Today we experimented with watercolors (a favorite language for both of us) and oil pastels . Would they mix? If yes, how? If no, why not? How do these materials work together? “I brought all of my materials right now. I’m going to start to work, and you will organize your materials.” - Saul
The watercolor won’t stick to the oil pastel lines? - Elyse “Oh, it keeps moving around. Maybe it’s just silly watercolors. Why don’t you use oil pastels to make it not move.” - Saul You can use oil pastels to keep your watercolors in place. It’s called resistance. - Elyse “I made it [oil pastel] a little bit wet to make the watercolor still and not move.” - Saul A little bit of water does change the texture. - Elyse “That’s what we’re trying.
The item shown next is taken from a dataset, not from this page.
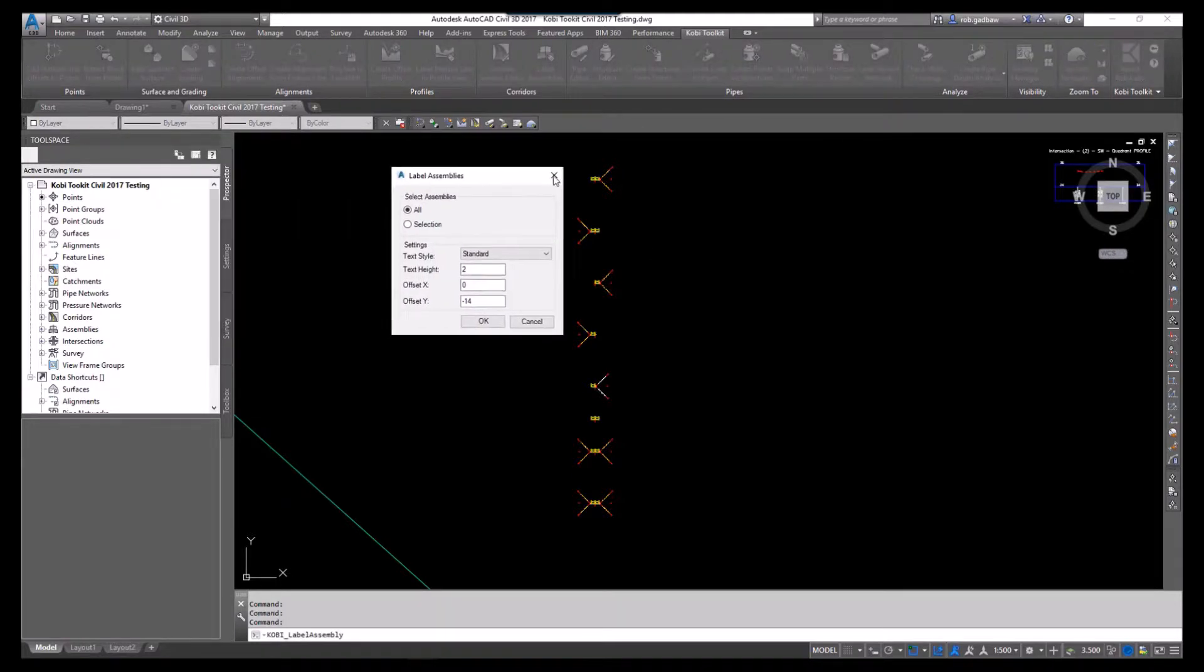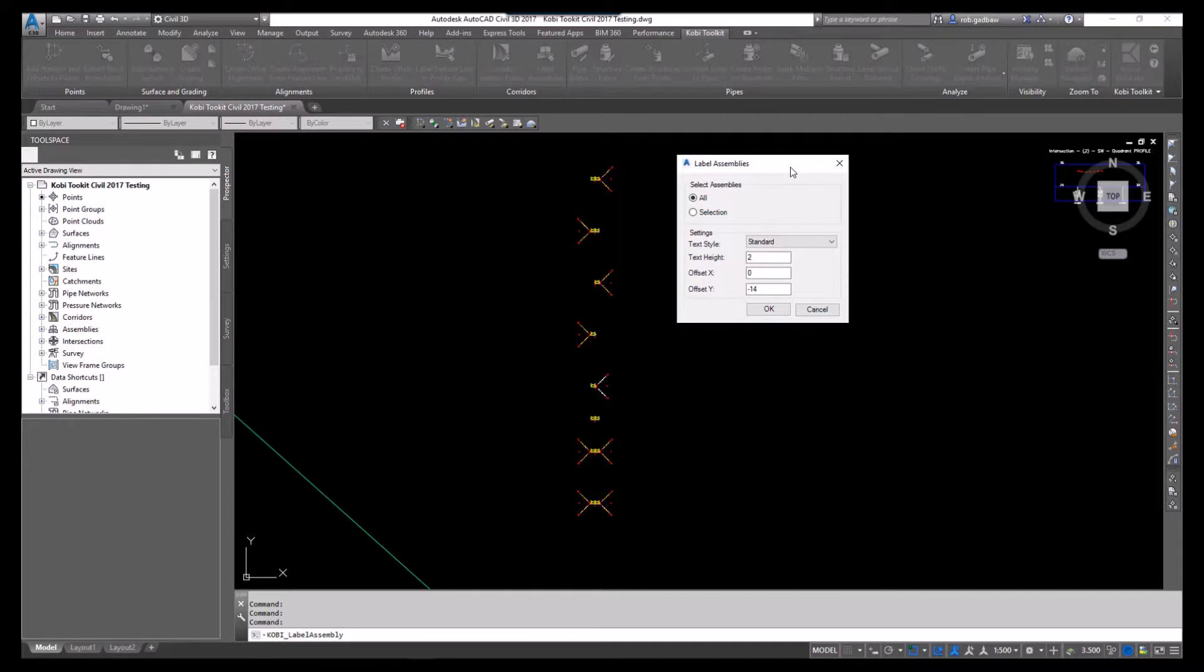The label assemblies dialog box comes up. You have two options: either label all of the assemblies or you can select them on screen. I'm going to say label them all.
I really want to draw with the side [of the oil pastel].” - Saul “I’m taking the paper from the oil pastel because it makes it easier to draw.” - Saul Looking at other artists who have drawn fire with oil pastelsA framed image“I thought you might make a rainbow fire. A fire rainbow. You have to use the oil pastel to make the fire.” - Saul
Is there fire on top of the rainbow? - Elyse “Yeah. Don’t forget that we have to make a fire picture, but we can’t feel it because it’s flat. Fire pictures are flat.” - Saul “We have to make the frame of the picture because it’s a picture of fire. We can’t even feel the fire because we’re drawing it.” - Saul [There was a gap in his frame] “There’s only one more oil pastel to add.” - Saul “I made my frame. Now I’m going to put inside all of the paper to make the fire. Don’t forget the little pieces. It’s a picture of a fire! The paper was the fire. It’s a hot picture.” - Saul [started dropping the oil pastel papers into the middle]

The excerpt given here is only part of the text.